Prague, 21 May 1997 (RFE/RL) - The struggle for freedom and a desire to maintain his people's ancient cultural identity are the main themes that run through the poems of the great Irish bard Desmond Egan.

And he sees as paramount the need to cling onto one's humanity and avert suffering. "Save one person, save a world, yes," he writes. "But kill one -- and something goes out of everything."

Egan says that for such reasons the Irish always had an affinity for the peoples of the former Soviet Union and Eastern Europe in their stuggles to achieve freedom, independence and to preserve their cultures. And he says the Irish also have a special place in their hearts for the Jewish people.

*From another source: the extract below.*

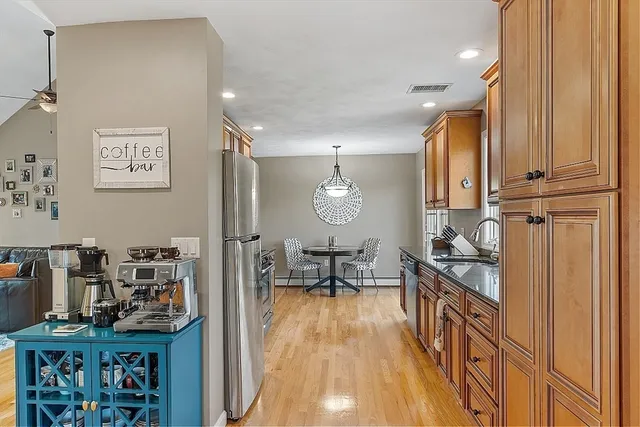 a kitchen with sink cabinets and stove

In a wide-ranging interview with RFE/RL, Egan, born in 1936, notes that this unique bond is rooted in a common historic fate.

"The Irish very easily associate and have sympathy with the oppressed people around the world because our history has been one of oppression, brutal repression over 800 years," Egan says. "We happen to be too close to Great Britain."

Egan is author of a dozen books of poetry and critical prose. The late Nobel Prize winning playright Samuel Beckett called his poetry "moving." Literary editor Russell Murphy said of Egan, "It's time we began to think of him as THE poet of our age."

Egan says freedom often carries a price steeped in blood, suffering and sacrifice.

He observes that while most of Ireland became largely independent after World War I, "there is still trouble" in British-ruled Northern Ireland, and the two have not been able to unite.

As for Russia and Eastern Europe, Egan sees the "harsh realities" of people trying to make a living in a free market system. And he sees a danger of the "old guard and the military" trying to reassert themselves -- particularly in Russia.

"Armies, I suppose, are necessary," he says. "As a poet, I would like to think they are not, but they have their place. But when armies and generals get involved in politics, that historically has always been disastrous."

He pauses for a moment and says, "The only exception I can think of off hand is that of Alexander the Great" -- a Macedonian general, conquerer, philosopher, patron of the arts and writer who lived more than 2,000 years ago.

Egan says he abhors violence -- "I literally couldn't kill a fly" -- but asks, "Name one country that achieved its independence without it?" He says people oppressed can be driven to "a breaking point."

Ireland has a tragic history, Egan says, traumatized by the potato famine of the 19th century that killed a million people. Another million fled their homeland for a better life in America.

He writes:



"That is why we who lost
the provinces of hope
who had our own Holoacust in
medieval 1847 ...
carry a sadness in the blood
a walk, a look an accent
some bitter rhythm, a wounded shadow ...
sensing that each of us has lost
part of what we should have been."

Egan also sees parallels between the Irish and Jewish people. He says Ireland is one of the few countries in the world where Jews have always been welcomed. In his critically acclaimed book, "In the Holocaust of Autumn," Egan laments the fates of the Irish and Jews.

He writes:



"Suffering makes its own space
We only attempt comparisons
in the memory of grief's absolute.
In the murder that lasts forever.
In the pain passed on
like original sin ...
A mound of gold teeth
Sackfuls of hair."

In another poem from the same volume, he calls the Irish "the lost tribe" of the ancient Jewish people and writes, "Very well then. Let us sing together."

And in another, he asks:

"How can the day dawn
as innocently ever again?
Smell it
Taste it.
That ash is everywhere."

Egan, who visited Prague on the occasion of his poems being translated into and published in Czech, says his affinity for the Russian people dates back to his youth.

In his poem, "Learning Russian," he writes:

"Mother Russia! Despite your goosestep dogma
your tanks trundling across the cobblestones of Europe
betrayed by that great bald mind you
remain for me a peasant in a homemade shawl
offering bread and salt and a place by the hearth."

Sipping beer at an Irish pub at Prague's Old Town Square, where he camped out on a bright spring evening to sign the Czech edition of his book, Egan says poetry can be born out of great pain -- as well of great joy.

"Humor is the most poetic thing in existence," he said.